In his State of the Union message, President Obama urged Congress to raise the federal minimum wage to $10.10 per hour, saying it is simply wrong for any Americans to be working hard and still living in poverty.
On Tuesday, the Congressional Budget Office (CBO) issued a report showing that following Obama’s plan would result in 900,000 people rising out of poverty and 16.5 million people benefiting from the wage hike. The CBO also projected the move would cost the economy between 500,000 and one million jobs.
Larry Haas served as spokesman for the Office of Management and Budget during the Clinton administration. He says the CBO report should make the question of raising the minimum wage a no-brainer.
“What’s really startling about this report is that while it acknowledges some job loss, the corresponding benefits so greatly outweigh the costs that it almost looks like it’s hard not to do it,” said Haas.

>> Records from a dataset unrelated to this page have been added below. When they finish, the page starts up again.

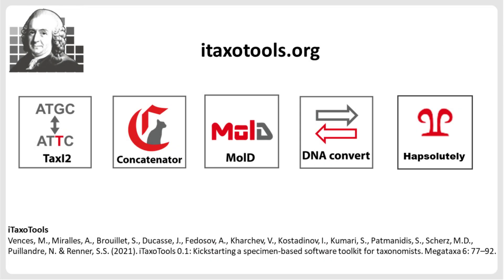These various iTaxoTools programs, which accept tab-delimited sequence files as input, can be downloaded from the iTaxoTools website. On the website, you can also find manuals as well as example files and links to further information. Please also consult the video tutorials, which explain the functions of these software tools.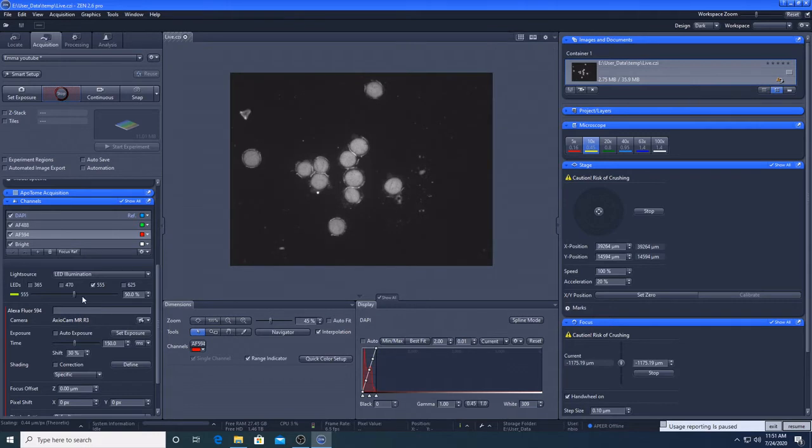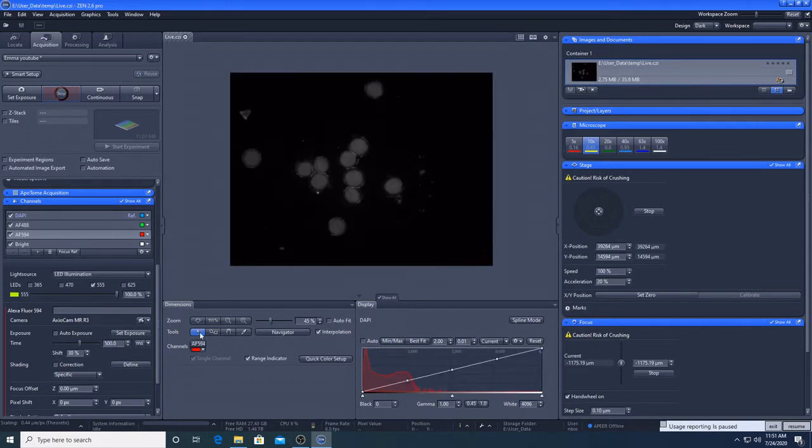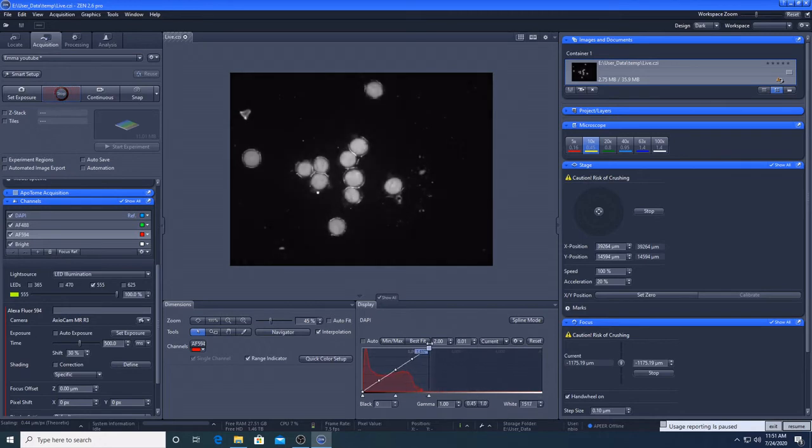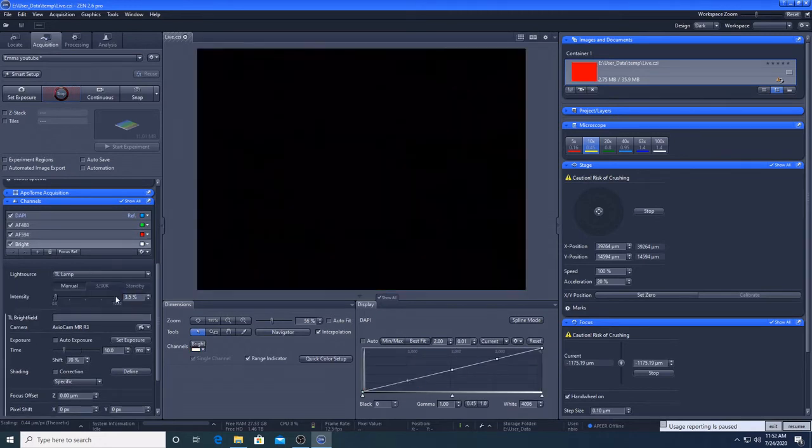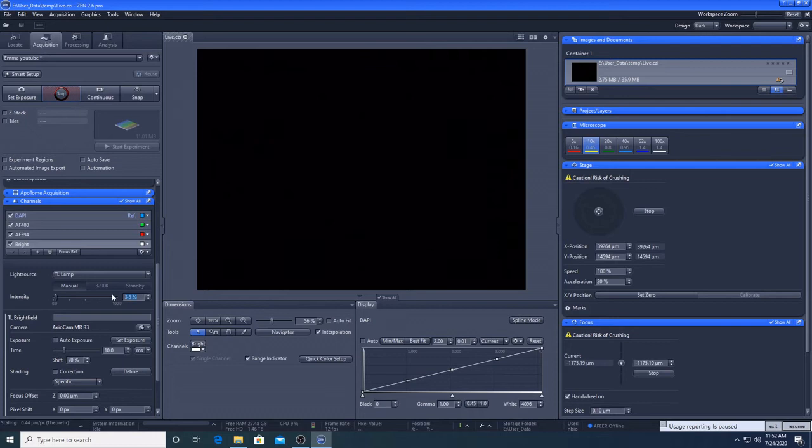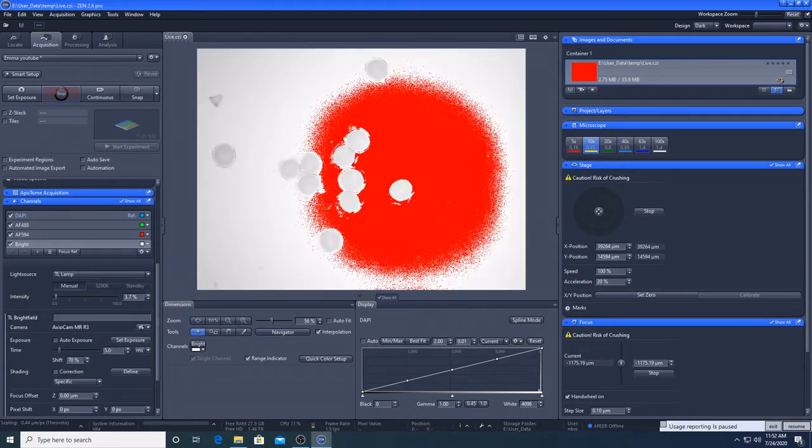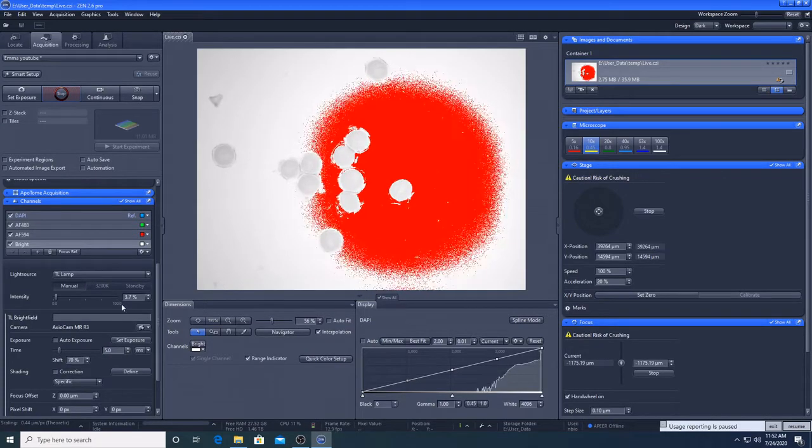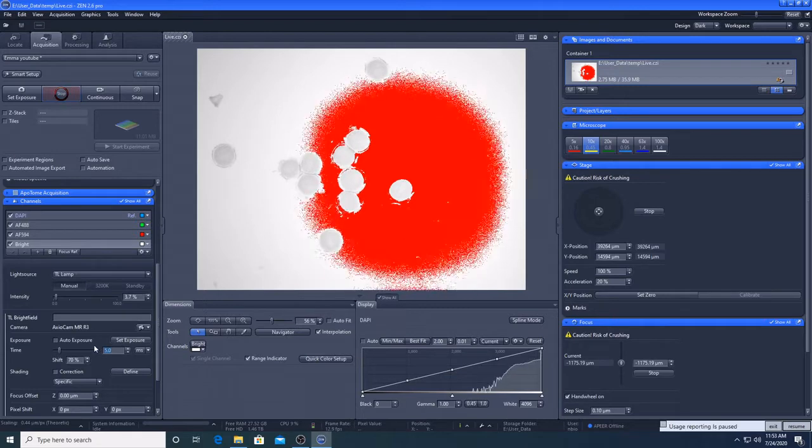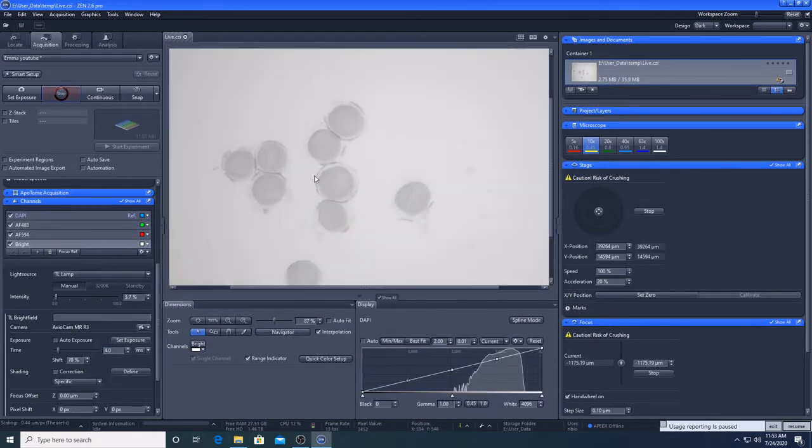This channel can still be optimised, so I will do that now. We will now optimise the Brightfield channel. As we saw from the light path diagram earlier, Brightfield uses a different lamp, which needs to be at a setting of over 3.8 for it to come on. We will adjust the exposure time in the same way as before. We can expect the required exposure to be much shorter than for our fluorescent channels.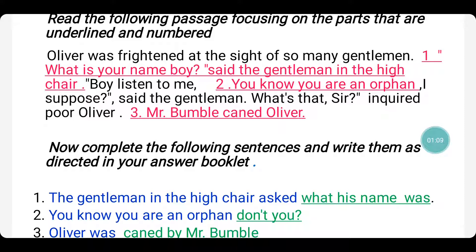Look children, the first underlined sentence is in connection with the first question. The second underlined sentence is with regard to question number 2, and the third underlined sentence is in connection with question number 3. Now complete the following sentences and write them as directed in your answer booklet.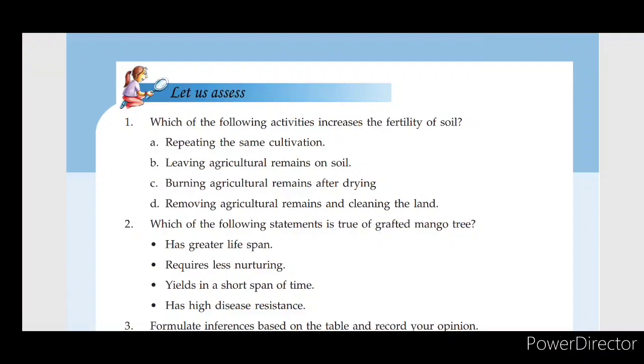Which of the following activities increases the fertility of the soil? The answer is B — leaving agricultural remains on the soil.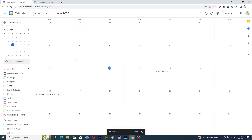That's how you can manage all of your projects using Google Calendar. If you found this video useful, please like it and subscribe to my channel, and I will see you in the next video.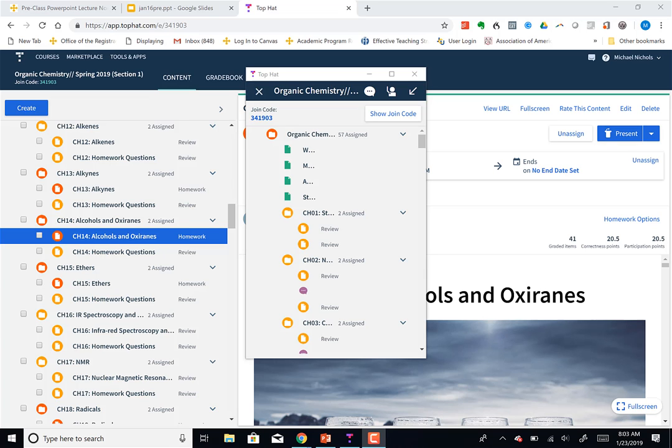Okay, were there any questions about the beginning of the alcohols — mostly a synthesis of alcohols, Grignards?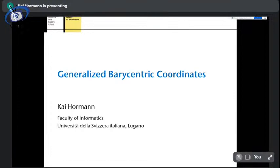So, generalized barycentric coordinates — that is the topic of my talk. I hope you can all see my slides. Quick feedback on that? Yes. Wonderful.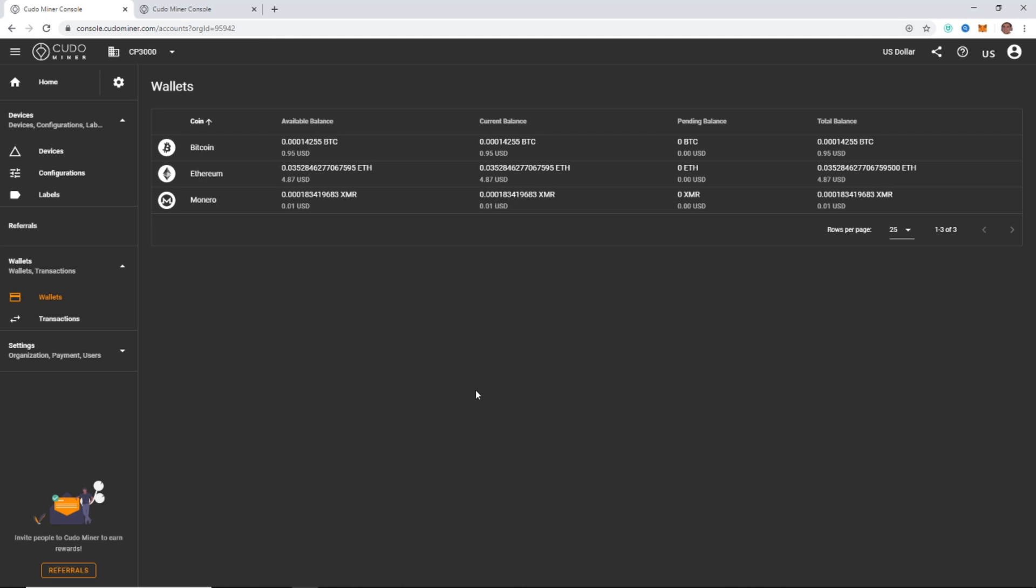And to get your money, you're going to need to go to transfers. And there is a minimum amount for each one of the coins to transfer and you just transfer it over to your wallet once you hit that minimum amount.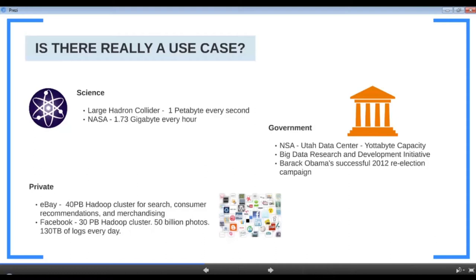In the private sector, with the advent of social media like Facebook, Twitter, and LinkedIn, there is no scarcity of data. eBay is known to have a 40 petabyte cluster and Facebook a 30 petabyte cluster. Big data is also prominent in retail — Amazon captures clickstream data, tracking every click on their website to bring a personalized shopping experience. When Amazon shows you recommendations, big data analytics is at work behind the scenes.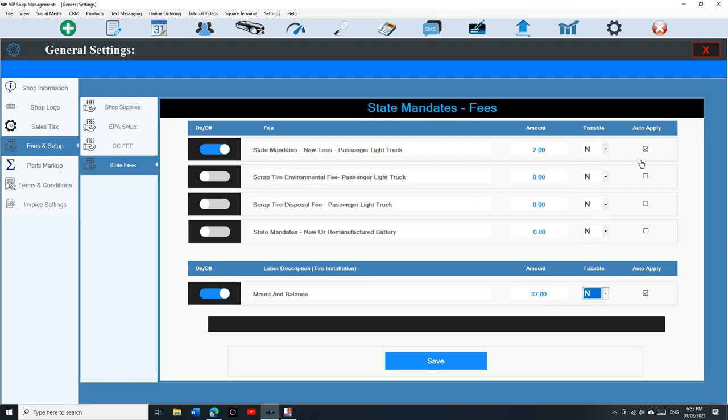If I want to add another, some of you guys have, it's crazy man, so they have state tire environmental fee. Let's say this is like 75 cents, and let's just say auto apply. So now I have two state mandate fees, one for the scrap, one for the new tire, and now we have the mount and balance automatically.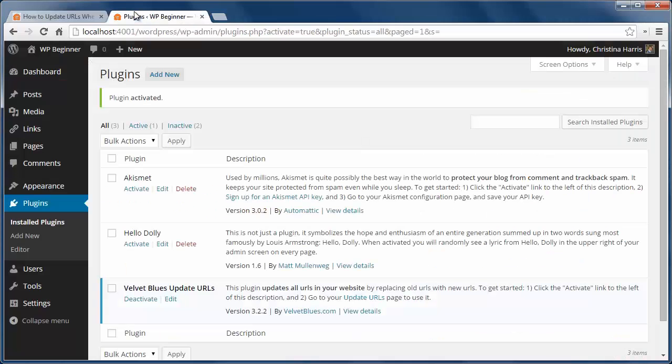just install and activate the Velvet Blues plugin. Once activated, we'll go to tools, update URLs.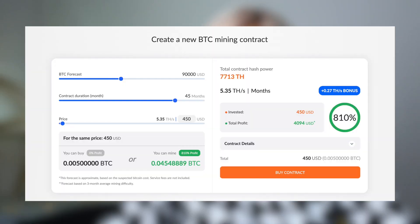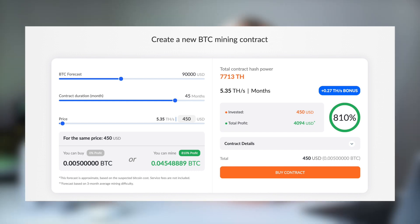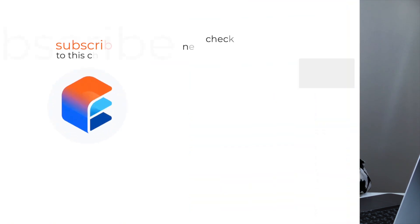Cloud mining is simply renting a part of a mining device with all the support and maintenance included. To calculate the expected profitability, you can use the EcosOnline calculator — the link will be in the video description. Thank you for watching. If you like the video, please give us some love, and see you next time.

Haas admits the job losses could negatively impact the same amount of people that would supposedly escape from poverty following a minimum wage increase, but he says other factors would still make such a move a net positive.
“We are talking about costs versus benefits, and just in raw number terms, even if we talk about closer to a million (jobs eliminated) as offset by the close to a million who would rise above the poverty level and you consider that to be somewhat of a wash. I’m not minimizing the job loss, but if you consider just the raw dollars, you look and just go to the second level of this and see all the other low-wage workers who would get a benefit out of this as employers naturally raised their wages, 16.5 million people,” said Haas.
“At the end of the day, you look at any proposal and you say, ‘OK, where’s the good? Where’s the bad, and where does this come out? While I don’t minimize the job loss, I look at these raw numbers and I have to say, you know what, this would be a net benefit to society and to working people writ large,” he said.
Republicans and other conservatives are largely opposed to Obama’s call for a minimum wage increase and are loudly highlighting the CBO’s projected job losses if the plan were to become law. Instead of raising wages for the lowest skilled jobs, they argue for reduced corporate taxes, deregulation and rolling back employer obligations on programs like Obamacare.
Haas embraces some of those ideas while dismissing others but says a hike in the minimum wage can be done alongside some of the GOP’s ideas.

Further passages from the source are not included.